Ma ben poco c’è di definitivo su codesto pianeta, soprattutto in un regno dell’effimero com’è quello della musica di consumo. Eppure, quel che sta segnando le ultimissime stagioni ha un che di incredibile: proprio oggi, in un mercato annichilito dalla crisi, sbertucciato da mille piraterie, segnato da emorragie di bilanci che stan facendo piazza pulita degli ultimi negozietti come delle grandi catene di distribuzione, ebbene proprio oggi, sta tornando in auge il paleolitico disco in vinile. Basti pensare che solo nell’ultimo anno le vendite sono aumentate di più del 200 per cento, e molte nuove band (gli U2, tanto per dirne una) hanno ripreso a pretendere che i loro nuovi lavori siano stampati anche in vinile. Perché?

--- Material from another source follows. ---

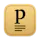 Promptly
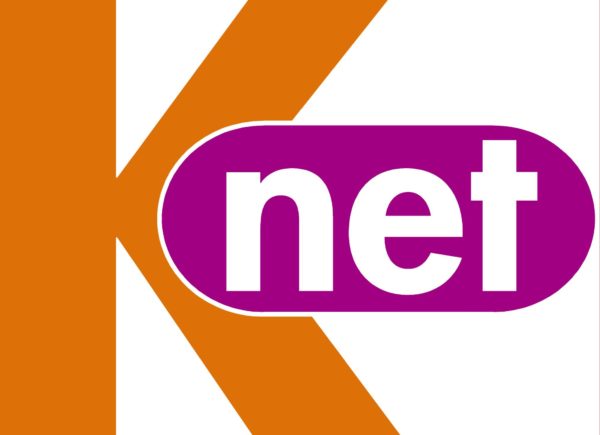 adsl-sin-permanencia-knet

I motivi sono più d’uno. Innanzi tutto il fatto che il vecchio vinile è supporto assai più caldo degli attuali cd e dunque conserva quel sapore di manufatto in grado di avvicinarlo a un prodotto d’arte più che di mercato. In secondo luogo c’è ovviamente la componente nostalgica, decisiva per una generazione cresciuta coi vecchi padelloni (ed è, guarda caso, proprio a questa generazione che appartengono gli ultimi assidui compratori di dischi…). Infine, anche se potrà sembrare strano, è una questione di qualità: perché anche se assai più delicati e deteriorabili della plasticaccia dei cd e del nulla degli mp3, i vecchi dischi in vinile offrono una gamma di suoni assai più ampia, profonda, variegata, e soprattutto infinitamente più verace. In altre parole il vecchio vinile sembrerebbe dare non solo una tangibilità più verosimile alla più immateriale delle arti, ma anche conservarne e sprigionarne l’anima: giusto quella che il mercimonio del muzak sacrifica ogni giorno sugli altari delle playlist.